Existe una ciudad a los pies del Atlas que, junto con esa imponente cordillera, fue durante siglos el centinela del Gran Sur Marroquí. Ciudad Imperial, Marrakech, es sin lugar a dudas la más africana de las cuatro -Rabat, Fez, Mequines y la que hoy nos ocupa-.
Centro de su vida cotidiana, la Plaza Jamaa el Fna reune diariamente a la práctica totalidad de la población que ronda los tres millones de habitantes, convirtiéndola en la segunda del país tras Casablanca. Esta plaza ha sido declarada patrimonio de la humanidad, no tanto por su importancia arquitectónica como por ser un fenómeno de relaciones humanas sin precedentes.
A primeras horas de la madrugada y tras su limpieza que se realiza en un brevísimo lapso de tiempo, riadas de personas se dirigen a la polifacética Jaama El Fna en busca de todo tipo de suministros de bienes y servicios. En ella se puede encontrar todo lo imaginable. Desde el ya testimonial sacamuelas al sempiterno cuenta cuentos, pasando por el encantador de serpientes que siempre intentará colocarte una cobra a modo de bufanda con la noble intención de aportarte suerte y conseguir unos dinares. Vendedores de productos farmacéuticos naturales, expendedores de zumos recién exprimidos, echadoras de cartas y comerciantes de todo tipo, se dan cita en esta increíble macroplaza. No podemos olvidar aquí al aguador, ataviado con su clásico sombrero y portando su odre de agua con los cuencos de cobre.
Bicicletas, carros, de tracción animal o propulsados por la propia fuerza del hombre, mercancías cargadas a hombros o sobre la cabeza, se entrecruzan en caos organizado a lo largo y ancho de la plaza, en la que a menudo podemos ver un podio para dirigir el tráfico sobre el que no se yergue policía alguno.
Lentamente, de modo imperceptible la plaza va cambiando su fisonomía hasta llegar a transformarse de noche en un inmenso restaurante al aire libre iluminado por luces de gas, en el que cientos de cocineros sirven miles de comidas, preferentemente a la brasa. Los postres pueden adquirirse en los múltiples puestos que circundan el improvisado comedor.
Antes de que los primeros rayos de sol comiencen a caldear la plaza.
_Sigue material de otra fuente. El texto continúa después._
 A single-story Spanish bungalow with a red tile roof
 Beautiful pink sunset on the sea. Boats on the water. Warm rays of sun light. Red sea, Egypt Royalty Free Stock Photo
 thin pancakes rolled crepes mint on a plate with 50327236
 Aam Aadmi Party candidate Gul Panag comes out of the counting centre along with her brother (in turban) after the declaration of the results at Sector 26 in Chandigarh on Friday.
Cuando ya los últimos restaurantes, cafés y puestos han recogido sus instalaciones y mercancías, un nutrido grupo de limpiadores dejan impoluta y vacía la plaza que en pocos minutos, volverá a ser el centro animado y bullicioso que todos los turistas conocen.
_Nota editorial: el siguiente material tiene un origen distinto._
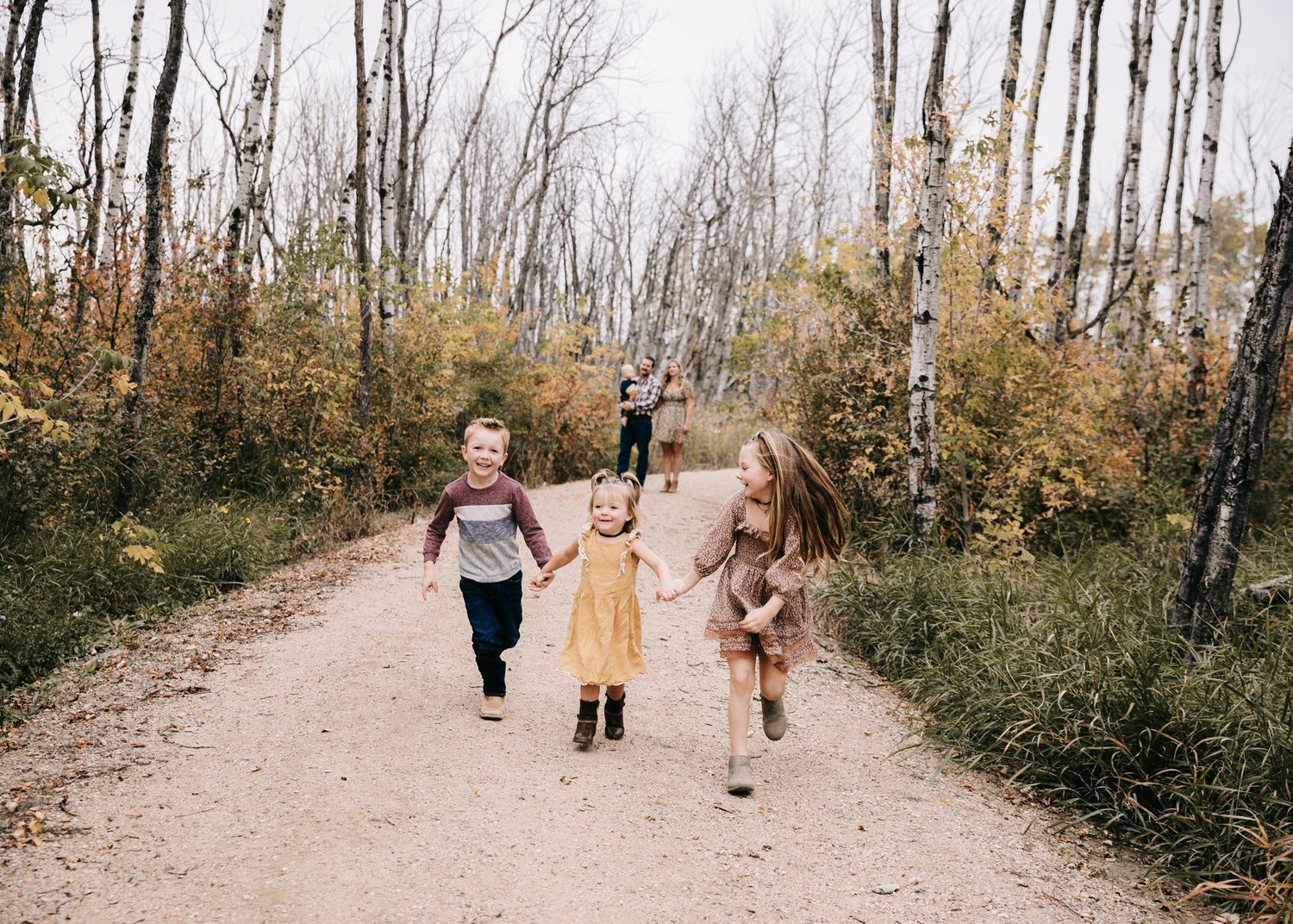 Three joyful children running hand-in-hand down a scenic autumn forest trail together.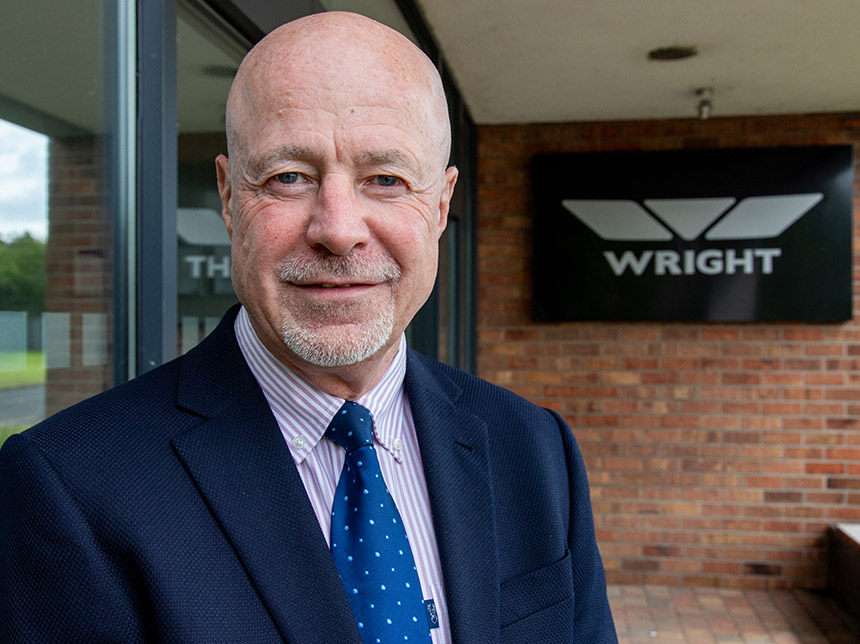 man standing in front of wrightbus sign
Al fondo de la plaza, justo en la mitad del edificio de planta baja que alberga los comercios, nace la calle principal que nos introduce en el laberíntico zoco, del que más de uno hubo de salir de la mano de un guía improvisado.
Cerámica, marroquinería, latonería, alfombras, telas, especias, alimentación, de todo puede ser conseguido en esta gran superficie en la que imperan la ley de la oferta y la demanda y el regateo imprescindible para ambas partes. Los buenos comerciantes nunca te venderán nada sin ese ejercicio previo, después cada uno intentará "engañar" al otro.
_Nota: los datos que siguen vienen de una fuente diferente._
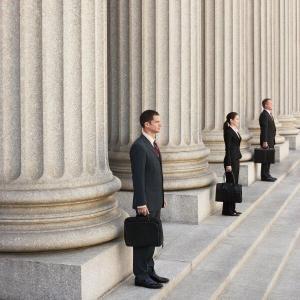 People in suits with briefcases standing in front of columns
Además de la encrucijada laberíntica de calles, existen en este zoco patios interiores. De entre todos ellos cabría destacar el que alberga la venta de toda suerte de productos que se consideran mágicos y que nos pueden aportar salud, suerte o prevenirnos del mal de ojo. En él encontraremos camaleones, pieles de ciertos animales, talismanes hierbas y plantas capaces de producir todo tipo de sortilegios.
Estas calles angostas, protegidas a menudo por techos de caña o de lona, son el lugar ideal para pasear durante aquellas horas en que el sol castiga con toda su fiereza. Es este, además, el lugar ideal para contactar, ver y olfatear el verdadero vivir cotidiano de las gentes de El Magreb.
También, de vez en cuando, podemos tropezarnos con algún santuario o alguna pequeña mezquita, no visitables en Marruecos, excepción hecha de la Mezquita de Hassan II y el santuario de Muley Ismael
Dentro de esta economía de mercado y fuera ya del zoco, pero siempre dentro de La Medina, podemos encontrarnos con pequeños mercados improvisados donde los campesinos ofrecen los productos que obtienen de la tierra.
También podemos circular por otras calles comerciales de la vieja ciudad amurallada en las que se venden artículos de ferretería, electrodomésticos, alfombras y todo cuanto el hombre pueda necesitar para satisfacer su necesidades esenciales.
Pero lo realmente importante para el viajero, es perderse en sus calles, entre sus gentes, dando rienda suelta a todos los sentidos, viendo, oliendo, escuchando o gozando del tacto de lanas, sedas y pieles, sin olvidarse nunca de disfrutar del sentido del gusto, sentado en la mesa de un buen restaurante o saboreando las delicias de un té verde con menta e intercambiando impresiones con los nativos.